Qualcuno rimprovera a Renzi una mancanza di rispetto per l’ “istituzionalità”: «che modi sono, quelli di tenere la mano in tasca?». Come i leghisti che chiedono cosa siano mai questi toni così spicci e informali. Risponderà irridente: «Mi rimproverate di usare qui un registro diverso? Forse perché voi siete sempre più lontani da come parlano le persone fuori da qui».

Mentre il neo premier srotola i punti del suo programma altri criticano il discorso, Giuliano Ferrara twitta sbuffando: «Un discorso da consiglio comunale di Campi Bisenzio!».
Ma Renzi continua : «dal 2008 al 2013, mentre qualcuno si divertiva, il Pil ha perso 9 punti percentuali. La disoccupazione giovanile è passata dal 21,3 al 41,6 per cento. La disoccupazione è passata dal 6,7 per cento al 12,6 per cento. Non sono i numeri di una crisi: sono i numeri di un tracollo…». Spiega che «la crisi ha il volto di donne e di uomini, e non di slides».

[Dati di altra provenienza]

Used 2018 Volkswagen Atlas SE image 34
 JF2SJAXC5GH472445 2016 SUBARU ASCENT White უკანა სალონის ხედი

Promette un piano del lavoro. Invoca «un Paese vivo, ricco, aperto e curioso» che «non ha paura di attrarre investimenti». Lamenta l’indifferenza davanti a certe classifiche: «Siamo al 126° posto nel «Doing business index»… Accusa il «retropensiero» di tanti burocrati: «i governi passano, i dirigenti restano…».

Applausi, ma non tantissimi. Quelli più importanti arriveranno davanti ai risultati.